=== PROMPT ===
Transcribe every line of the material below exactly, leaving out the pictures.

=== SOURCE DATA ===
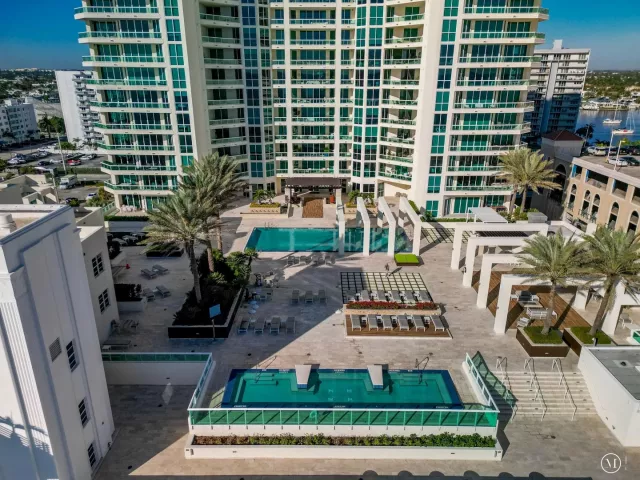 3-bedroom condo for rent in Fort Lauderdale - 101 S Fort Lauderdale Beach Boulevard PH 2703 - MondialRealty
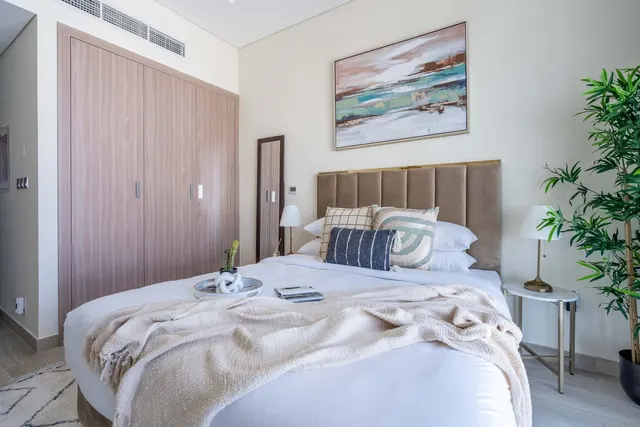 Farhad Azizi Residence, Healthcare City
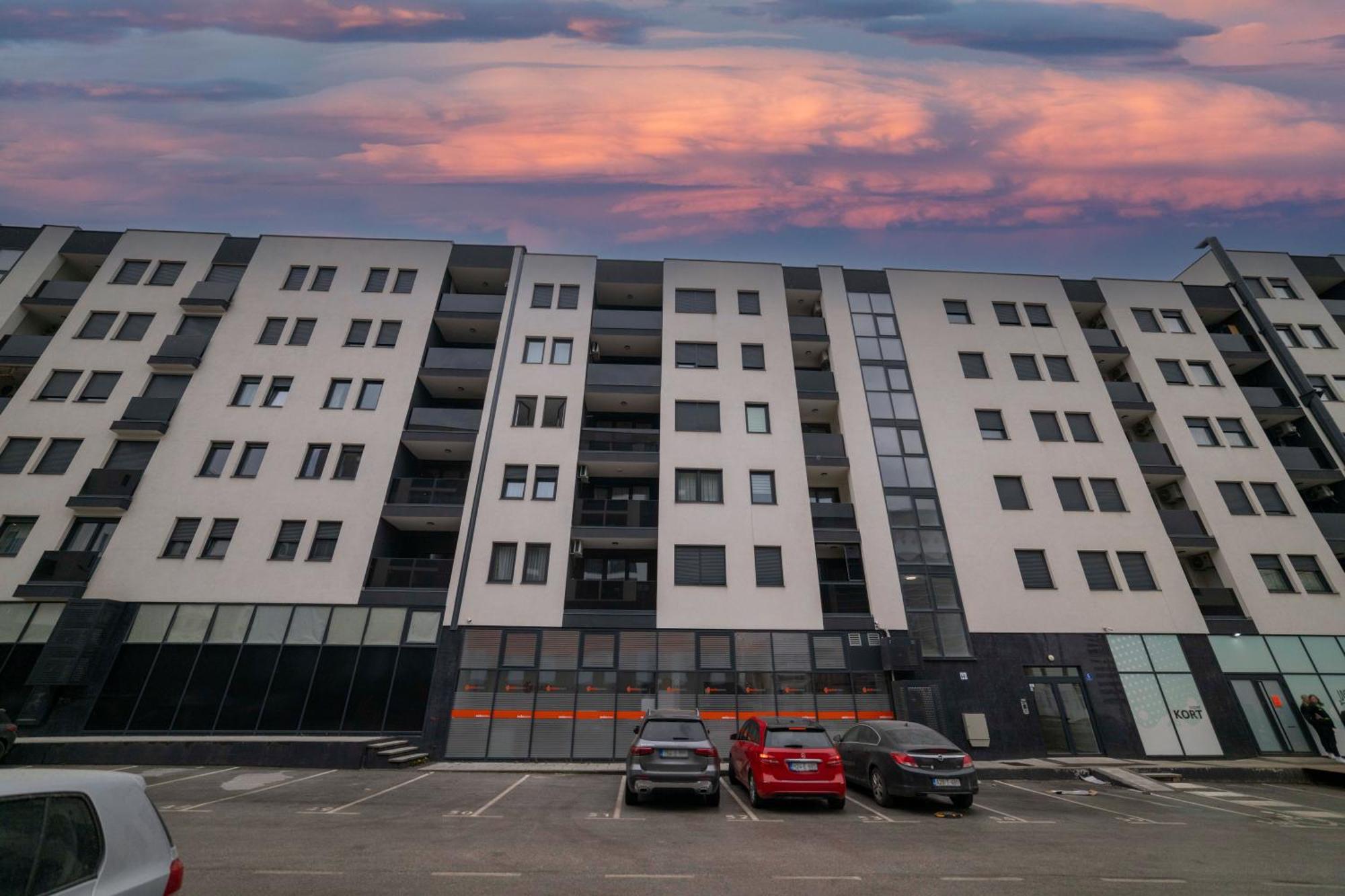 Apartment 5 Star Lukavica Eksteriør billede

=== FINAL ANSWER ===
 3-bedroom condo for rent in Fort Lauderdale - 101 S Fort Lauderdale Beach Boulevard PH 2703 - MondialRealty
 Farhad Azizi Residence, Healthcare City
 Apartment 5 Star Lukavica Eksteriør billede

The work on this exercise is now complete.